A Problematic Shortage
It seems like there is a new cyberthreat announced every day, and that may actually be the case. According to security services provider Symantec, last year saw a 62 percent increase in data breaches, and 2.5 billion records have been exposed in malicious incidents over the past five years. This may be due to the worsening shortage of IT security professionals which, according to estimates from Cisco, has reached one million people.
Enterprise Strategy Group, an IT market research and analytics firm, recently published a study looking at IT spending intentions for 2014. Twenty-five percent of all organizations surveyed said they have a “problematic shortage” of employees with the necessary information security skill set.
By The Numbers
Looking at the shortage by industry, the hardest hit organizations are those in the public sector. Thirty-six percent of government agencies say they have a severe lack of security professionals. Manufacturing, financial services and retail enterprises follow close behind, all having between 27 and 29 percent of organizations categorizing their shortage as causing a problem. The healthcare industry fell lower on the list, with 22 percent of organizations finding trouble with their IT shortage. However, some analysts believe this number may be smaller than the reality, as anecdotal evidence suggests the problem is a much bigger problem in that sector.
The Information Systems Audit and Control Association also recently released a report that highlighted how the skills crisis is putting added stress on companies’ security departments. Eighty-three percent of enterprises currently lack the skills and resources to protect their IT interests. One in every five organizations has fallen victim to an advanced persistent threat, but of those, a third aren’t sure they know where it came from. In fact, one in three information security professionals say they’re not familiar with advanced persistent threats to begin with.
“Unless the industry moves now to address the cybersecurity skills crisis, threats like major retail data breaches and the Heartbleed bug will continue to outpace the ability of organizations to defend themselves,” declared ISACA president-elect Robert Stroud.

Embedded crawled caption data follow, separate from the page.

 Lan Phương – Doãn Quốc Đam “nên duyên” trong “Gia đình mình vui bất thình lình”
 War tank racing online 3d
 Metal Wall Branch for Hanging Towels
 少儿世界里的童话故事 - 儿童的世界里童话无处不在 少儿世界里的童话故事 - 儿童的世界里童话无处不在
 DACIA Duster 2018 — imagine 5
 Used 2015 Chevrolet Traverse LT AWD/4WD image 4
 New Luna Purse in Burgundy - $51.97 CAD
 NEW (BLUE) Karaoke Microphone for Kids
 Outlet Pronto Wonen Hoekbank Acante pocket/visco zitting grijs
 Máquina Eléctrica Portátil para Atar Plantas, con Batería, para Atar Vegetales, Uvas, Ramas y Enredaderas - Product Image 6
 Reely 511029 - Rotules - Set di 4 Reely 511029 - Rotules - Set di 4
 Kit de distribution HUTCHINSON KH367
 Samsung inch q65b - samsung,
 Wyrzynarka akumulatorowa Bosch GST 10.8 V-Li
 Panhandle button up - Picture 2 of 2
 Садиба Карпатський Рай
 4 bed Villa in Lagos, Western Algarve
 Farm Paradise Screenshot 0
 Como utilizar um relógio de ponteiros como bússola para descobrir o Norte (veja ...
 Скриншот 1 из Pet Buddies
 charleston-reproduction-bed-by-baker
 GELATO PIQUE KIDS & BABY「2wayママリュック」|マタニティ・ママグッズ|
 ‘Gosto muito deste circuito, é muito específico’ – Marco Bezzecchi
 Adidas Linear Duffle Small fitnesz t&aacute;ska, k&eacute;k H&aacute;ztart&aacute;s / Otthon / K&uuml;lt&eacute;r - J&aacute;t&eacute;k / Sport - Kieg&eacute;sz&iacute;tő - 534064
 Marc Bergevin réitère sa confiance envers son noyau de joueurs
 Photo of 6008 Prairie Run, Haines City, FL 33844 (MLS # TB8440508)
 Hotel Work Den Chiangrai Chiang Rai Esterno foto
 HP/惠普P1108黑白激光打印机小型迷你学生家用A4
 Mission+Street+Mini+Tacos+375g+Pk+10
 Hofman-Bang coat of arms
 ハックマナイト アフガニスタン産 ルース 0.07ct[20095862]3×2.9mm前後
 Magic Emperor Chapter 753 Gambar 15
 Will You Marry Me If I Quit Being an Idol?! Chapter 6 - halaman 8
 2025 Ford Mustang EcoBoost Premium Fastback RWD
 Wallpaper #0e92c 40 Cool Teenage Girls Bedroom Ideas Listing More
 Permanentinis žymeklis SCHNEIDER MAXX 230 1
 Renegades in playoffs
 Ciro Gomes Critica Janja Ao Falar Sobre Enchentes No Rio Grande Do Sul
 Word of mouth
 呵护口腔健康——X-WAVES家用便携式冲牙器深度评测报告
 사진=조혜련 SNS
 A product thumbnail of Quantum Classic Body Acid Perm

Making IT Education Accessible – Security is Everyone’s Business
While the need for IT security professionals has never been greater, not many people are interested in pursuing such a vocation. Less than 2.4 percent of graduating college students are entering the workforce with a degree in computer science, but studies show that now is the best time to go start a career in IT security.
According to research from Burning Glass Technologies, demand for cybersecurity skills has increased almost four times faster than for any other IT jobs over the past five years and more than 12 times faster than for all other non-IT jobs. The previous ESG study found that 42 percent of organizations plan to increase their number of information security positions.
To try and fix the discrepancy between the number of college students studying computer science and IT positions available, ISACA has started a cybersecurity nexus program. The initiative, developed with CISOs and cybersecurity experts from across the globe, aims to give current technology professionals and recent graduates the IT training necessary to keep up with the current threat landscape. The nexus program is ISACA’s first security certificate and will be comprised of four qualifications, each needing both an exam and proof of work experience.This is a perfect compliment to CCNA security training and other programs that may have already been taken by individuals interested in an IT career.
“Enterprises cannot rely on just a handful of universities to teach cybersecurity. With every employee and endpoint at risk of being exploited by cybercriminals, security is everyone’s business,” explained ISACA international president Tony Hayes. “We need to make cybersecurity education as accessible as possible to the next generation of defenders.”